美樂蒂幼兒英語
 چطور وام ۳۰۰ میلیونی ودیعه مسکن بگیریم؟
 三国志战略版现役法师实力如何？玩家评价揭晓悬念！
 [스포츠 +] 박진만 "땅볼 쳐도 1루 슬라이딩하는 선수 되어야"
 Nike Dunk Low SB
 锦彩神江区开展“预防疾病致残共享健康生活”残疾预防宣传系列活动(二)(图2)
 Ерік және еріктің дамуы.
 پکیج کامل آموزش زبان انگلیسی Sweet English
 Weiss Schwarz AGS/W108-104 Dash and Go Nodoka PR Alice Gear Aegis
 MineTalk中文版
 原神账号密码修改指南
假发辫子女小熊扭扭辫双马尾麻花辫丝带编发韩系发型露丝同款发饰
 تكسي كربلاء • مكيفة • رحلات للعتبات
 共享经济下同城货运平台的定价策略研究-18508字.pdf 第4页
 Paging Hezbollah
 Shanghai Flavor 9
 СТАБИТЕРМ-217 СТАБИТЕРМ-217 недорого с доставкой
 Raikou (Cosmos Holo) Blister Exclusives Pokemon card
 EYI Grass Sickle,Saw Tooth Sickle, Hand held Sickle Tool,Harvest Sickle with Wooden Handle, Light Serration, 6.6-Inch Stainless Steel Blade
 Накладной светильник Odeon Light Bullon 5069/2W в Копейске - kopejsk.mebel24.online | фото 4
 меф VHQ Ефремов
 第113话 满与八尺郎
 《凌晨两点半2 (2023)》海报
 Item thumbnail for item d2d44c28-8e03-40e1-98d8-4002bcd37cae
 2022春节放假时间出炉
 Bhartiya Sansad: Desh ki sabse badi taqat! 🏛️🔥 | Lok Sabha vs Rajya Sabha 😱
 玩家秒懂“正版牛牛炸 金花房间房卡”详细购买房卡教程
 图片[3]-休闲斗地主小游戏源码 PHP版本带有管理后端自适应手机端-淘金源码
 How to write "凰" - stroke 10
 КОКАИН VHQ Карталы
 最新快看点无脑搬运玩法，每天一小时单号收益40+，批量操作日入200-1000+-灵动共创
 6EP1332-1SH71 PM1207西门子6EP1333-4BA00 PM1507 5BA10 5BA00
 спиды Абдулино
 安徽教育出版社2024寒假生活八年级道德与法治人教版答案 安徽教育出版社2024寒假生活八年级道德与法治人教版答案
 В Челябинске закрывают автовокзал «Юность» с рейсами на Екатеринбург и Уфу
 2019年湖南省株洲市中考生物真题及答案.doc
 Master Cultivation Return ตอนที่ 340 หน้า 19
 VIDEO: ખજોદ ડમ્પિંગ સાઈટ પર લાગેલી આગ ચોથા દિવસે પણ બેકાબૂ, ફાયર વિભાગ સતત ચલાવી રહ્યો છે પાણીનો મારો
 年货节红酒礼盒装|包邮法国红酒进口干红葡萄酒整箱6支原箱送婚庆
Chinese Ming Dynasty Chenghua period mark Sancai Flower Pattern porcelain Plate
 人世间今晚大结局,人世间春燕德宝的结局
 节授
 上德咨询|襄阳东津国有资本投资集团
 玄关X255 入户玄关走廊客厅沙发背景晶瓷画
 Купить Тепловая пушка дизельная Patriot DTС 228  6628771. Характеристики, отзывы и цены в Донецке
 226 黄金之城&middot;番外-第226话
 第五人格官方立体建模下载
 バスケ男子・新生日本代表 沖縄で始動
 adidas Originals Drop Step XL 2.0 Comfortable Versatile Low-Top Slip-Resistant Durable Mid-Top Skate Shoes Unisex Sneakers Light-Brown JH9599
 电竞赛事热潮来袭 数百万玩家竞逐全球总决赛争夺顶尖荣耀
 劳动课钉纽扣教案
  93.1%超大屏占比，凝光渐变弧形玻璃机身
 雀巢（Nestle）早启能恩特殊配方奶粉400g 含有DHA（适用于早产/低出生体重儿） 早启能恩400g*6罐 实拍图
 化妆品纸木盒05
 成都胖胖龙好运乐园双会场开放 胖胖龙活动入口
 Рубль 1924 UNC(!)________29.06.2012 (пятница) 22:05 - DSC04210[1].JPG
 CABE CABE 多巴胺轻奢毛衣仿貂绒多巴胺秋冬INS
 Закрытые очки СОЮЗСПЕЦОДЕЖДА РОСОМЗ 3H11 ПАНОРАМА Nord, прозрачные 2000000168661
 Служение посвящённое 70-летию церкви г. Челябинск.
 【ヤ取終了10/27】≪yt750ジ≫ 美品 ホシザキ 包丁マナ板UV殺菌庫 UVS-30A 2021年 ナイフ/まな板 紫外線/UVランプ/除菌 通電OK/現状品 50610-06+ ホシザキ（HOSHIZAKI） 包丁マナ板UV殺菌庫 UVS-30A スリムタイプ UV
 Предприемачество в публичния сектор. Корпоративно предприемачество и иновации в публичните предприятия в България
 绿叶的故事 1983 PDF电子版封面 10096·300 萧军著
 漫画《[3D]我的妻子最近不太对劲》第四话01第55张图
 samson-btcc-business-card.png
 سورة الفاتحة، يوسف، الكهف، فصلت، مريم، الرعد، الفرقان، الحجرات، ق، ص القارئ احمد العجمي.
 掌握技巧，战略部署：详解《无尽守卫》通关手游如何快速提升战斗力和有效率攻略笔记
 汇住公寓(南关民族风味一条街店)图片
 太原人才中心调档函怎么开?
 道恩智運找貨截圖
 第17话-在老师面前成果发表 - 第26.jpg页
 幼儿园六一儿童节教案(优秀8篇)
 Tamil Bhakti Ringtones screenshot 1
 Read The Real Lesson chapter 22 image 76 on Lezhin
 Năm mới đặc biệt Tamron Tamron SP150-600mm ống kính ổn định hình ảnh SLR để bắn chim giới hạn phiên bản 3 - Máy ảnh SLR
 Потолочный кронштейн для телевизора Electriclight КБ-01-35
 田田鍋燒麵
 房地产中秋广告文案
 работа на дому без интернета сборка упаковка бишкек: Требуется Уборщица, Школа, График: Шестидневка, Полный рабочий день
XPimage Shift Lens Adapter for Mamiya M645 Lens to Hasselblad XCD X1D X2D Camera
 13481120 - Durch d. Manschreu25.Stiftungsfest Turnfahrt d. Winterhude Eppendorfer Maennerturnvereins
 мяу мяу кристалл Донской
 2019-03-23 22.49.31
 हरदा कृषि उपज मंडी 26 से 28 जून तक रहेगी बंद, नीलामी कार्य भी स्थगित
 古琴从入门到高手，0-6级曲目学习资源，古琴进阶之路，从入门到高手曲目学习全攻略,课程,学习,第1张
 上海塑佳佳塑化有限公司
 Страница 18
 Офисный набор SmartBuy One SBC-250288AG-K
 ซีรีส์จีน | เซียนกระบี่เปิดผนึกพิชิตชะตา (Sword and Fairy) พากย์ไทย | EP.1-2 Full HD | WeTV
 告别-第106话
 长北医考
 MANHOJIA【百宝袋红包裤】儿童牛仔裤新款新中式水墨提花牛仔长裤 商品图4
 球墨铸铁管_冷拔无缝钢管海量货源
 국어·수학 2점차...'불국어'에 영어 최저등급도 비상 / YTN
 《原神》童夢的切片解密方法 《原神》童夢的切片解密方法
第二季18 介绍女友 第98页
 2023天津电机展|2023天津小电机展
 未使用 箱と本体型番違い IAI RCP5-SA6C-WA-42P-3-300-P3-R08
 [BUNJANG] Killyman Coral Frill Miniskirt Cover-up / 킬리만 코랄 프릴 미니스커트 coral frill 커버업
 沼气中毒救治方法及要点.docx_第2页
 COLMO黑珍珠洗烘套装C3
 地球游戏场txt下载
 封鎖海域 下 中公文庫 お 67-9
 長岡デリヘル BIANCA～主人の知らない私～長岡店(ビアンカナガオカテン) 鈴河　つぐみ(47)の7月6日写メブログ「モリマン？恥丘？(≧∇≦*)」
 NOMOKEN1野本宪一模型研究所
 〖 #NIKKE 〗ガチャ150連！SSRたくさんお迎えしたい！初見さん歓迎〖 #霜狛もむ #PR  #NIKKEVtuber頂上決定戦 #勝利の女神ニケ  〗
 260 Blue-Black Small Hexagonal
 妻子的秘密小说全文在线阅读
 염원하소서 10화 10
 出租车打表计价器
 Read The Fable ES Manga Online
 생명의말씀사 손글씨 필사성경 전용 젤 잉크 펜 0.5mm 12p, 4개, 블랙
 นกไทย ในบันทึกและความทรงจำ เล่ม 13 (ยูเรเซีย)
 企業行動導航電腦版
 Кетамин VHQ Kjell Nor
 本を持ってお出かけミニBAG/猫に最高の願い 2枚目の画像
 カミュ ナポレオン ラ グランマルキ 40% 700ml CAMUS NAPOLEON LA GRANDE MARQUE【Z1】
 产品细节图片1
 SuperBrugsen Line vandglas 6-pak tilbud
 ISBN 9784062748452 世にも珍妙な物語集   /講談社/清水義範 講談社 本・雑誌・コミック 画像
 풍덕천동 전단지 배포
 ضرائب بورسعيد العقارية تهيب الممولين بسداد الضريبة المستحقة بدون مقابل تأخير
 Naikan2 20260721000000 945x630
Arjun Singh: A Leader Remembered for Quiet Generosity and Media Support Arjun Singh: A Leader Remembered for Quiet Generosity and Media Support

────────────────

Return every line from the one holding "Офисный набор SmartBuy One SBC-250288AG-K" through the end of the data, exactly as it appears, with both ends kept and nothing else.

— Answer to the problem —
 Офисный набор SmartBuy One SBC-250288AG-K
 ซีรีส์จีน | เซียนกระบี่เปิดผนึกพิชิตชะตา (Sword and Fairy) พากย์ไทย | EP.1-2 Full HD | WeTV
 告别-第106话
 长北医考
 MANHOJIA【百宝袋红包裤】儿童牛仔裤新款新中式水墨提花牛仔长裤 商品图4
 球墨铸铁管_冷拔无缝钢管海量货源
 국어·수학 2점차...'불국어'에 영어 최저등급도 비상 / YTN
 《原神》童夢的切片解密方法 《原神》童夢的切片解密方法
第二季18 介绍女友 第98页
 2023天津电机展|2023天津小电机展
 未使用 箱と本体型番違い IAI RCP5-SA6C-WA-42P-3-300-P3-R08
 [BUNJANG] Killyman Coral Frill Miniskirt Cover-up / 킬리만 코랄 프릴 미니스커트 coral frill 커버업
 沼气中毒救治方法及要点.docx_第2页
 COLMO黑珍珠洗烘套装C3
 地球游戏场txt下载
 封鎖海域 下 中公文庫 お 67-9
 長岡デリヘル BIANCA～主人の知らない私～長岡店(ビアンカナガオカテン) 鈴河　つぐみ(47)の7月6日写メブログ「モリマン？恥丘？(≧∇≦*)」
 NOMOKEN1野本宪一模型研究所
 〖 #NIKKE 〗ガチャ150連！SSRたくさんお迎えしたい！初見さん歓迎〖 #霜狛もむ #PR  #NIKKEVtuber頂上決定戦 #勝利の女神ニケ  〗
 260 Blue-Black Small Hexagonal
 妻子的秘密小说全文在线阅读
 염원하소서 10화 10
 出租车打表计价器
 Read The Fable ES Manga Online
 생명의말씀사 손글씨 필사성경 전용 젤 잉크 펜 0.5mm 12p, 4개, 블랙
 นกไทย ในบันทึกและความทรงจำ เล่ม 13 (ยูเรเซีย)
 企業行動導航電腦版
 Кетамин VHQ Kjell Nor
 本を持ってお出かけミニBAG/猫に最高の願い 2枚目の画像
 カミュ ナポレオン ラ グランマルキ 40% 700ml CAMUS NAPOLEON LA GRANDE MARQUE【Z1】
 产品细节图片1
 SuperBrugsen Line vandglas 6-pak tilbud
 ISBN 9784062748452 世にも珍妙な物語集   /講談社/清水義範 講談社 本・雑誌・コミック 画像
 풍덕천동 전단지 배포
 ضرائب بورسعيد العقارية تهيب الممولين بسداد الضريبة المستحقة بدون مقابل تأخير
 Naikan2 20260721000000 945x630
Arjun Singh: A Leader Remembered for Quiet Generosity and Media Support Arjun Singh: A Leader Remembered for Quiet Generosity and Media Support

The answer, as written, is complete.